Two companies; Google and E-Bay have been fundamentally responsible for this new market by creating dynamic access points for these entrepreneurs. These companies provide small businesses with instant scalability and the chance to compete with their larger competitors, by giving them the opportunity to advertise and sell to massive markets.
Years back, success in small business was about having a catchy phone number and an ad in the Yellow Pages. That's now been replaced by Google search terms and if you sell goods, a store in E-Bay. The web has truly flattened the market and this is only going to get bigger as small merchants throughout the world plug into this new massive global marketplace.
To compete more aggressively, small businesses will turn to the web to buy consolidated services like health insurance and form buying groups for goods.
Waiting to swoop in on this business opportunity will be financial membership organizations like American Express, Visa and Mastercard and even E-Bay, Google and Yahoo who will use it to expand their service offerings.
The web already allows us all to become entrepreneurs for our own personal brand, managing our brand through blogs and social networking. Perhaps in the near future, we will want to monetize some of our ideas and become a part-time small business.
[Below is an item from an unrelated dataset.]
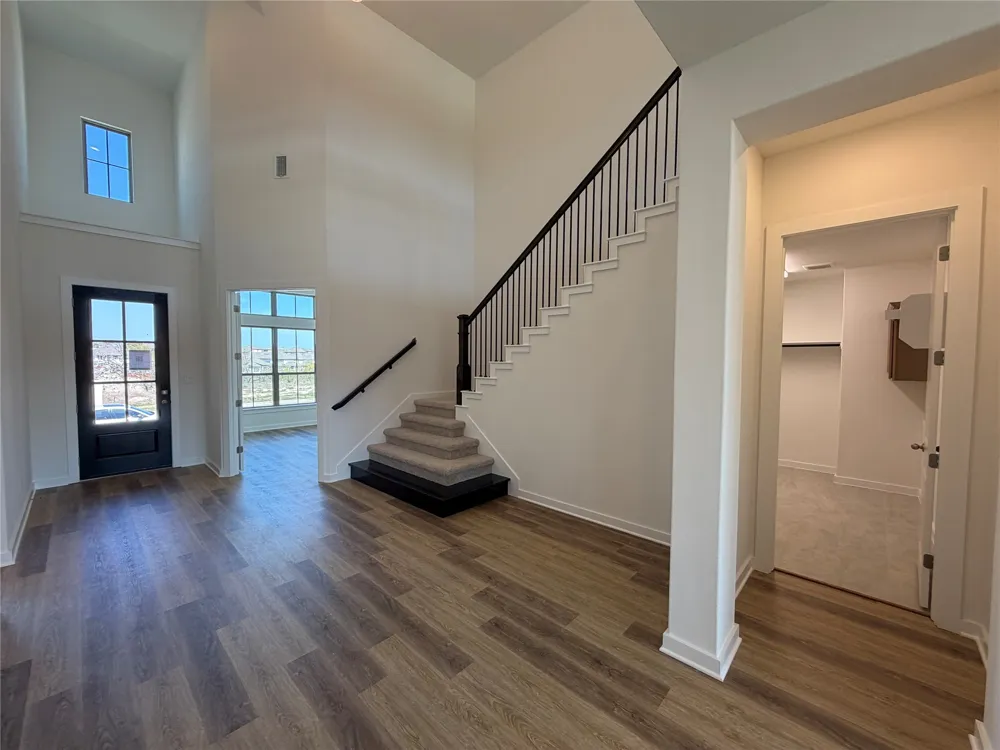 109 Statue Drive Liberty Hill, TX 78642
The opportunity to treat small business as plug and play, without the worry or risk of long-term commitment, seems a likely possibility for all of us.
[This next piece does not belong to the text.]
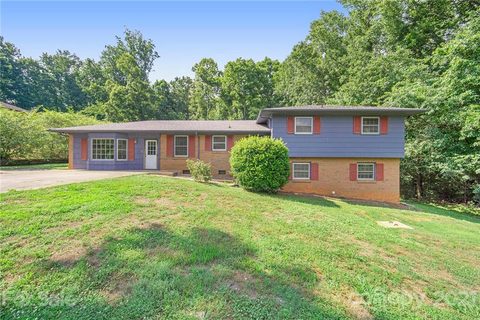 2511 Pickwick Place sold home in Lincoln Forest, Lincolnton, NC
The Pez MP3 player story is a great example of this new reality. A man with no engineering skills, no design skills, no manufacturing plant, but one great idea, can bring his idea to life because of the power of the network, pretty amazing.
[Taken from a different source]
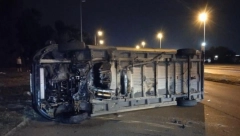 MUŠKARAC (40) UMRO U TOKU VOŽNJE, PA SE PREVRNUO KOMBIJEM  Tragedija kod Kvantaša u Beogradu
The idea that everyone can be an entrepreneur is a powerful one. For banks, web hosting companies, insurance companies, lawyers and a yet to be dermined class of middlemen, this could be huge. The secret will be to understand that this new world will not be about segmenting people into neat boxes, those who are small businesses and those who are not.
Instead, it will be about being sensitive enough to identfy any individual with potential entrepreneurial tendencies and providing with them with the flexiblity and tools to act on them.